One of Boko Haram's main goals (as its name implies) is to prevent Nigerian Moslems from getting a Western education (despite that being what most parents want). So far this year 14 schools have been destroyed, leaving 7,000 students without an education. The threat of attack on schools and teachers has kept over 100,000 other students away from class at least some of the time.

April 26, 2012: Suicide car bombers in the capital and the northern city of Kano attacked the offices of a major newspaper, leaving 40 dead and hundreds injured. Boko Haram took responsibility and warned that if news media continued to say unflattering things about the Islamic terrorists the attacks would continue. This is a standard tactic of terrorists.

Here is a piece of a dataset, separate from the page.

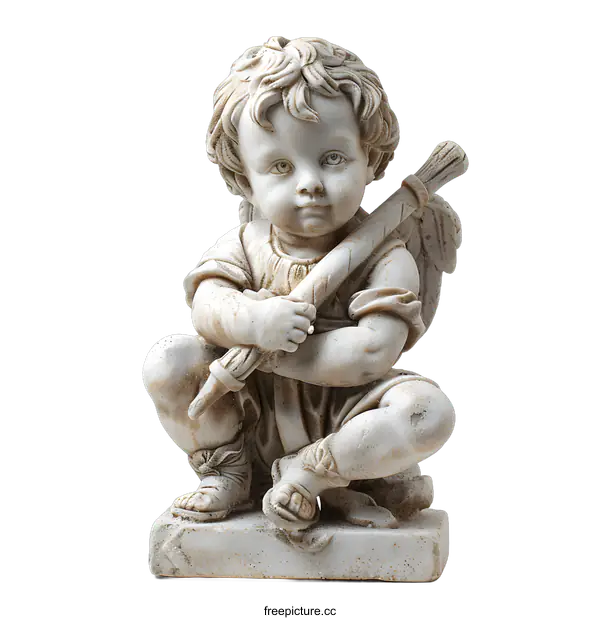 [Transparent Background PNG]White Stone Cherub Statue Sitting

April 25, 2012: Tribal violence continued in the Central Nigerian city of Jos, leaving six dead in two incidents.

April 24, 2012: An audit of the fuel subsidy program (which keeps vehicle and other petroleum fuels very inexpensive) found that someone stole nearly $7 billion from the program in just three years (2009-11). Legislators are calling for identification and prosecution of those that took the money. But the guilty will, as usual, use their stolen wealth to bribe police, prosecutors, journalists, and politicians to avoid punishment. It's very difficult to get through these defenses and actually convict and imprison these thieves.

In the northern city of Kano police raided a Boko Haram bomb workshop and found six assembled bombs and one under construction. The Islamic terrorists use these bombs to attack the security forces, intelligence services, and government offices. But most of the casualties tend to be nearby civilians. This increases the willingness of people to tell the police (who are generally hated for their corruption and cruelty) about Boko Haram activity they have spotted.

April 21, 2012:  The government is establishing a special prison for senior Boko Haram. This will make it easier to interrogate the prisoners and analyze the information. The new prison will also be more resistant to Boko Haram attempts to free their fellow terrorists. Other prisons are vulnerable to such attacks because of bribery and incompetence.

In northeastern Borno State an explosion in a Boko Haram bomb workshop killed at least five.

An air force raid on a Boko Haram bomb workshop in northern Kogi State destroyed the facility. While the terrorists were able to escape before troops could get to the remote area, much evidence of bomb making and Boko Haram was found.

April 20, 2012: In the north Boko Haram killed seven people in several attacks during the last 24 hours.

April 19, 2012: Piracy is on the increase off the coast. Ships are not being taken, as off Somalia, but instead the crews are robbed and anything valuable and portable is taken. Sometimes senior officers are kidnapped and held for ransom. In the first three months of this year, there were ten of these attacks off the Nigerian coast. For all of last year there were only ten such attacks. At the same time oil revenue last month was down five percent because of attacks on oil facilities in the Niger Delta.